# Work instruction
Copy out the data that comes next, character for character, and leave the images aside.

# Data section
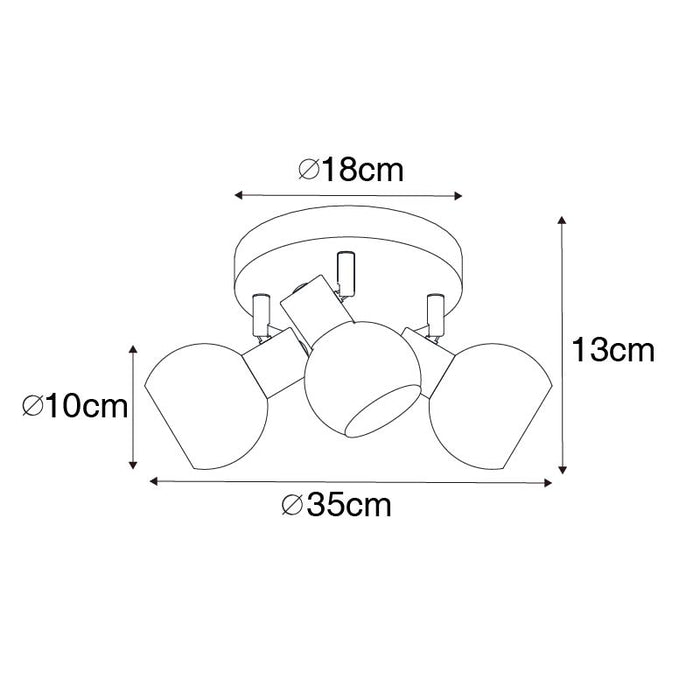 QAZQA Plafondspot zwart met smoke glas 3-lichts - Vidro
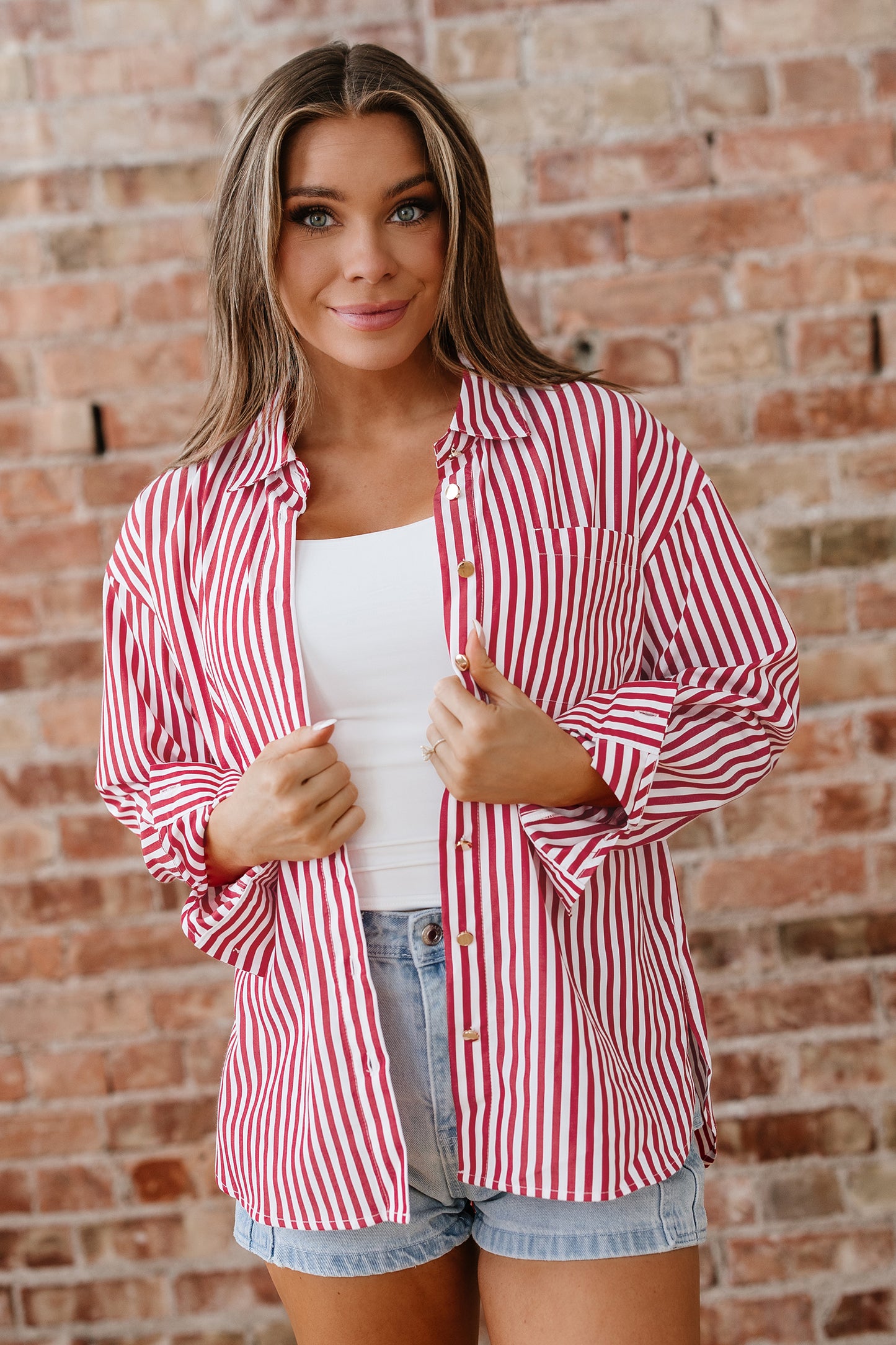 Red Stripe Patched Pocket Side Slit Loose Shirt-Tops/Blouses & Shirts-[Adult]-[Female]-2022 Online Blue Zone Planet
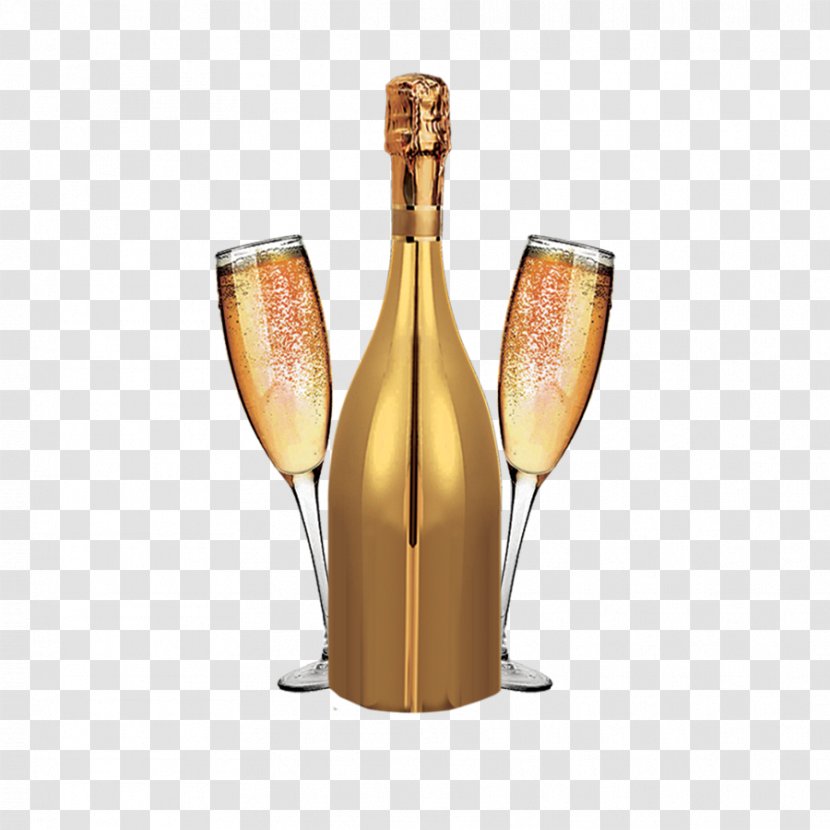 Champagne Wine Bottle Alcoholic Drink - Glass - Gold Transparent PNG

# Solution
 QAZQA Plafondspot zwart met smoke glas 3-lichts - Vidro
 Red Stripe Patched Pocket Side Slit Loose Shirt-Tops/Blouses & Shirts-[Adult]-[Female]-2022 Online Blue Zone Planet
 Champagne Wine Bottle Alcoholic Drink - Glass - Gold Transparent PNG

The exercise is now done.